Removable side checks.

Buckle in traces.

All brass hardware, roller buckles throughout.

All sewn construction, no rivets.

He offered to have it ready within days with stainless hardware but my heart was set on brass so it's going to be more like ten days.

I flatly refuse to tell anyone what it's going to cost me until I have pictures of the finished product. The nearest I can figure this is around a $700 dollar harness, very similar to the comfy fit harness, and it's going to quite a bit less than that for sure.

He gave me directions to a shop where I was able to have a rein rail cut to fit on the spot, and offered to fit the harness up to my mini and cart if I bring them out to him when it's finished. Probably not a bad idea at all, I could certainly use a good lesson in hitching and driving and this guy trains horses also.

Fingers crossed that it's going to be fabulous, fit perfectly, and serve us well for many years without too much upgrading!


----------



## Reignmaker Miniatures (Mar 28, 2013)

Congratulations! How nice to live so close to that kind of resource. Be sure to share pictures when its all done.


----------



## SappyAppy (Mar 28, 2013)

Oh i will post them as soon as I pick it up. If it comes out the way I think it's going to I might be able to help others access this resource.


----------



## Renolizzie (Mar 29, 2013)

Can't wait to see the pics.

I have to get together with a gal in the next town. She says she has a harness that she will sell. It is leather. I would save quite a bit of money if it fits my little guy but if not, I swear I am going to order the Comfy Fit.


----------



## SappyAppy (Mar 29, 2013)

I believe the material is granite beta. Softer than biothane but a tiny bit stiffer than regular Beta. It's going to have padding anywhere there is pulling force on him so hopefully this will work out well. Anyone else have experience with that material or is that what we mean when we talk about beta? It's semi matte in finish and leather textured.


----------



## rbrown (Mar 29, 2013)

It sounds lovely! Can't wait to see it!


----------



## rabbitsfizz (Mar 30, 2013)

I am GREEN!!!


----------



## susanne (Mar 31, 2013)

We not only want photos, we want LOTS of photos -- TONS of them, including closeups!

I trust that once you post them, you will then share what it costs?


----------



## SappyAppy (Mar 31, 2013)

My original plan was to share the cost ONLY after I got opinions.
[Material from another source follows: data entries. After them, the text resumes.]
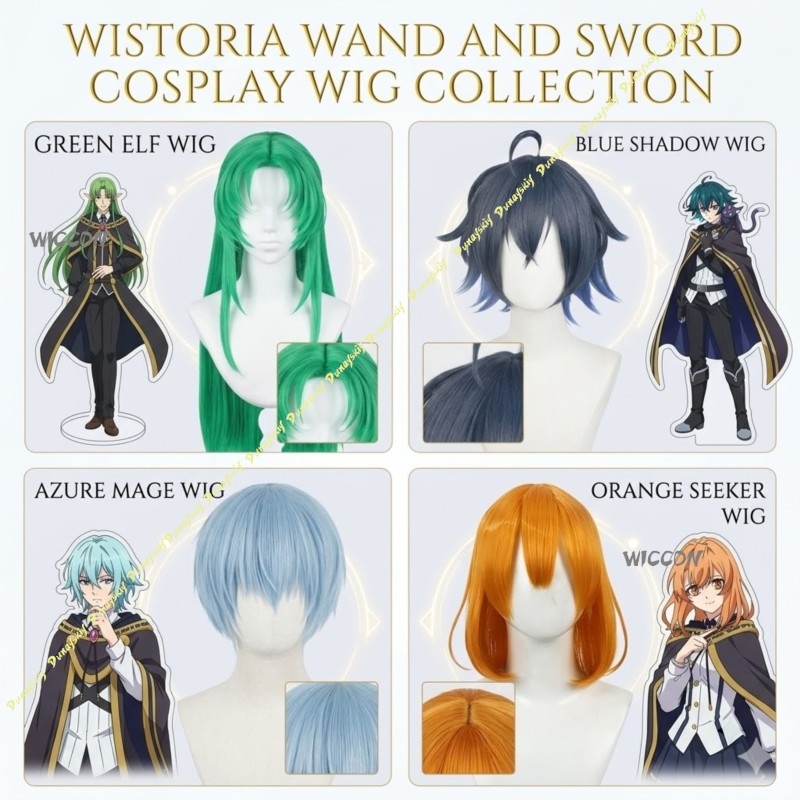 ワニタリアの杖と剣 コレット・ロワール 女性用フルセット コ - Anime Cosplay Sword のレビューと価格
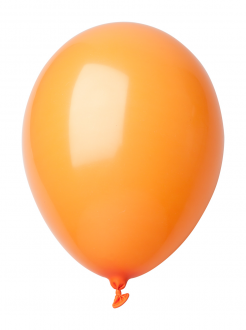 CreaBalloon balóny v pastelových farbách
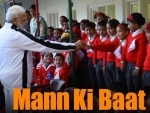 PM Modi to address Mann Ki Baat today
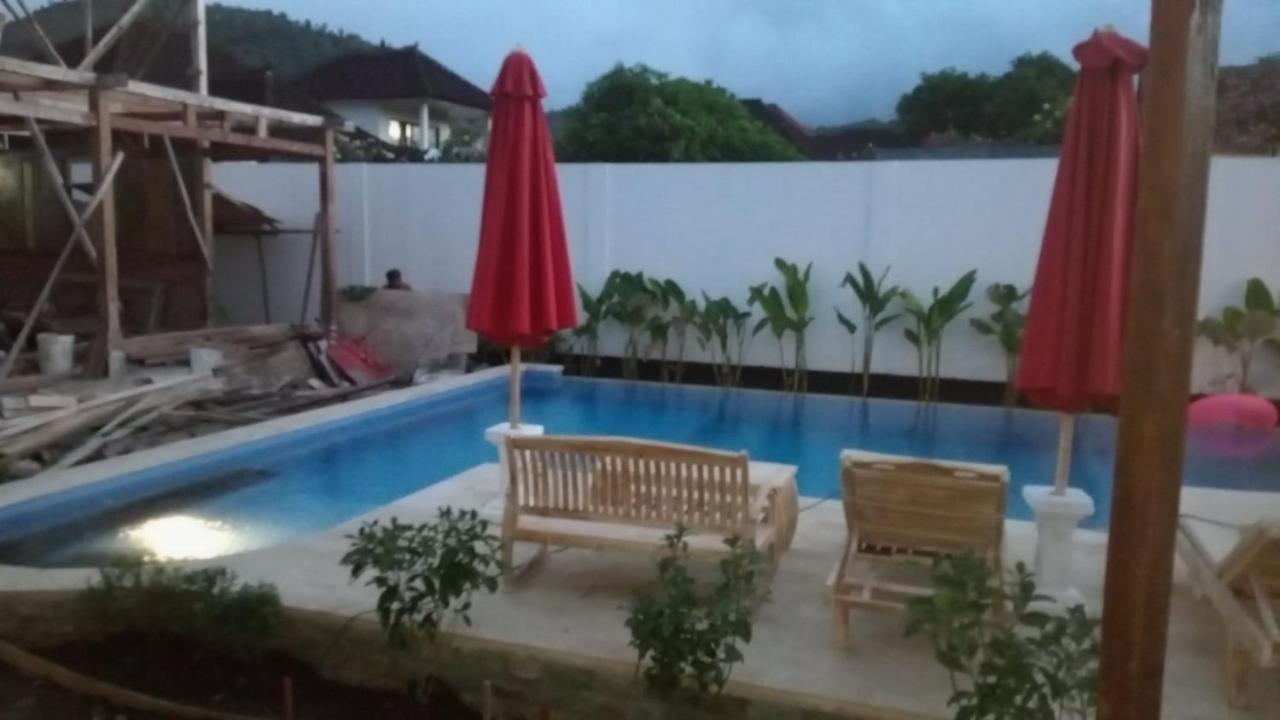 Melasti Villas Amed Eksteriør billede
Just having fun because when I first posted this I was feeling playful and super cocky about what I ordered and certain that it's going to be amazing.

Now I've had a few days and a couple more hours of internet research and I'm back to remembering that I know NOTHING. When I measured him I used a diagram with illustrations about where to measure etc, and I've become convinced I measured for the breastcollar too far back, and that it's going to go all the way back to the saddle and be way too big. I also forgot to ask him to pad the neck strap. I also think I should have asked him to switch the beta lines to brown in the hand part, or even have the whole lines brown. AND I forgot to request extra rein rings on the hip straps, seems like some of the nicer harnesses have those.

Should I run out there monday and update that measurement? Ugh. I know I can't really learn this stuff on the internet, why was I feeling so confident.


----------



## rabbitsfizz (Mar 31, 2013)

The reins are OK if you are not showing, if you are then brown for the hand parts is correct, of course. I do not like the rings on the breeching straps, I think they could interfere with the way the harness sits, and I can't see them being of any benefit. Go and see him, by all means, I am sure he is used to people fussing and it is a lot of money- you only want to do this once. I still feel you are getting a good deal, though.


----------



## rbrown (Mar 31, 2013)

Don't worry- as soon as I ordered my first harness (based on a lot of internet advice!), I realized that I measured 2 parts wrong, and then realized that my custom-order brass hardware didn't match the stainless on my new cart! There are just so many details to "worry" about that until you've been there, done that, it's hard to know exactly what you want/need.

I also wouldn't go for rein rings on the breeching straps, but I would get brown reins. If you just ordered the harness, I'm sure you can still request some minor changes.


----------



## SappyAppy (Apr 6, 2013)

Well I went to visit my harness in progress today. Ok, yesterday too. Yesterday I wasn't thrilled about the way things were coming, we didn't necessarily communicate well about a few points. To be fair this is the first such harness this man has built so a learning curve would certainly be inevitable. I let him know how I felt yesterday and just because I was feeling worried and not happy about it I went back today. Good move, he had done some brainstorming and come up with an idea.

When I asked for thick brown padding, either leather or vinyl, he got a piece of very thick leather and stitched it on, as you can see. Not exactly what I had in mind. His other harnesses have beautiful rolled soft black leather padding so I assumed we were on the same page. We weren't but he's adding another layer of padded black leather with rolled edges. So what you see now will have black stitching on the brown leather with a thin frame of rolled black leather. I hope that kind of makes sense. It should be done in a few days. It was just pieces yesterday as the brass hardware didn't come in until late yesterday. Only conways I saw are on the back-strap. The surface of the breast collar is in fact made of bio, not what I wanted but that'll be just trim by the time he's done padding and building it so I can live with it.

So here is a pic of the breeching, the rest you will have to envision until I get it picked up complete. At least we can see some details of the way it's made. I'm wide open to opinions. This is our first harness and I'm hoping to be happy with it and find it's what I need. It still probably won't be the last one I'll ever have made so it's a learning experience, so tell me what you think please!


----------



## Marsha Cassada (Apr 7, 2013)

I think it's looking good. The crupper appears to be rolled, which is very nice. Does the saddle have a tree?


----------



## SappyAppy (Apr 7, 2013)

I'm sure it will be nice, and i think the last layer of padded leather will be stunning now that we are on the same page. The saddle is getting more work done also. Hmm, i think I'm having a hard time with the saddle having a tree question. It doesn't have the thick pads on each side of the spine but there is definitely structure and shape to it, as well as wither clearance. So while it seems like I should know if there is a tree I think I'm not sure of exactly how to tell. It's not just a soft strap, there is a shape. There will be more padding added there also to create some wither clearance. I'm feeling very positive about things now. Yes the crupper is rolled.

It will certainly be ready this week, I will take loads of pictures!


----------